It’s funny how a minor thing can trigger a memory so stay with me on this.

My four-year-old grandson played T-ball this summer and I went to a couple of games to see how he was doing.

Frankly, watching four-year-olds running around bases trying to keep their pants on is a bit of a hoot, but I digress.

I went to his last “game” and at the end of the game which was the end of the season each kid gets a medal-a rather nice one I might add.

It’s good size and has a sizable ribbon to hang it around the child’s neck. In my grandson’s case it came down to his belly button. He is a little guy.

So our bite size ball player and I, his grandma and his dad are leaving the park. I’m a little surprised about the medal and say to my son, ” I guess they all get a medal for not pooping their pants and showing up every week.”

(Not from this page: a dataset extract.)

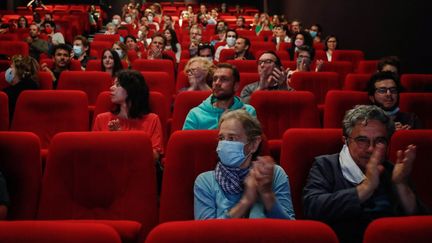 Les spectateurs applaudissant avant la projection du film "Les Parfums", lors de la réouverture des salles de cinéma, le 21 juin 2020 à Paris. (ABDULMONAM EASSA / AFP)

My son laughed and then told me he asked my grandson who was the best player on the team. My grandson replied that he was!

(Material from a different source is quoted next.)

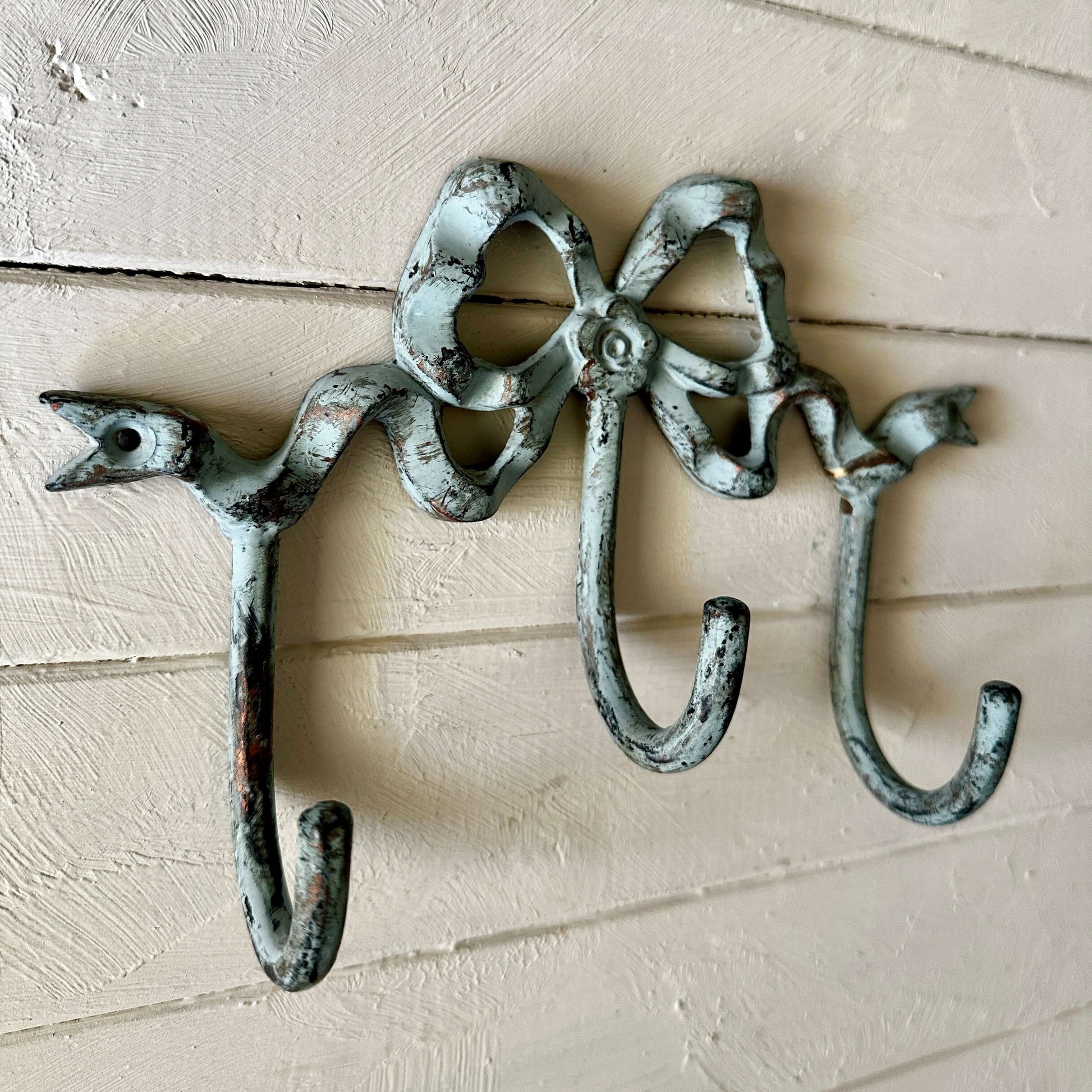 Teale Bow Wall Hook – Vintage Coastal-Style Metal Triple Hook with bird details and aged Teale finish.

Now I appreciate his enthusiasm and willingness to learn but he was a far cry from the best player on the team. My son had a reality talk with him and pointed out his skill set was being developed and he had to practice, something a four-year-old gets for about 10 minutes and it’s heh look, let’s chase a butterfly.

Fortunately our little guy was more interested in the bag of gummy bears and the bag of potato chips than he was in a medal but the whole experience drew me back to one of the first books I read when I was studying biblical counseling.

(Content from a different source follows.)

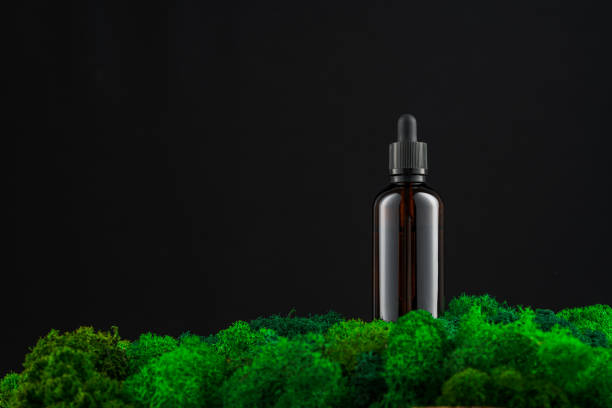 istock Dark glass dropper bottle on vibrant green moss against a black background 2169238152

The book was The Biblical View of Self-Esteem, Self-Love and Self-Image by Jay E. Adams.

The book was written in the mid-eighties but is now no less valid today perhaps even more so given that the movement has had another 30 years to thoroughly permeate psychology and the church.

There is not a whole lot that can be done about secular psychology but when there is this huge emphasis on positive self-esteem in the church it means that many have migrated from a God-centered theology to a man-at-the-center of all things theology and that has consequences, especially in parenting.

It’s one thing to have your little one know that they are created in the image of God and it’s quite another to use that to promote an unhealthy self-esteem that undermines the fact that the image of God within them Is deeply flawed.

The man-centered theology of self-esteem, self-love and self-image produces pride the mother of all idols (and a child-centered home I might add).

A God-centered theology ought to produce humility and an understanding that we are deeply flawed sinners in great need of a Savior to esteem highly, while we have a realistic appraisal of ourselves.

I think my grandson’s response to the gummy bears and chips was appropriate for a four-year-old and let’s save the medal for when his team wins the Little League World Series when he’s thirteen or so.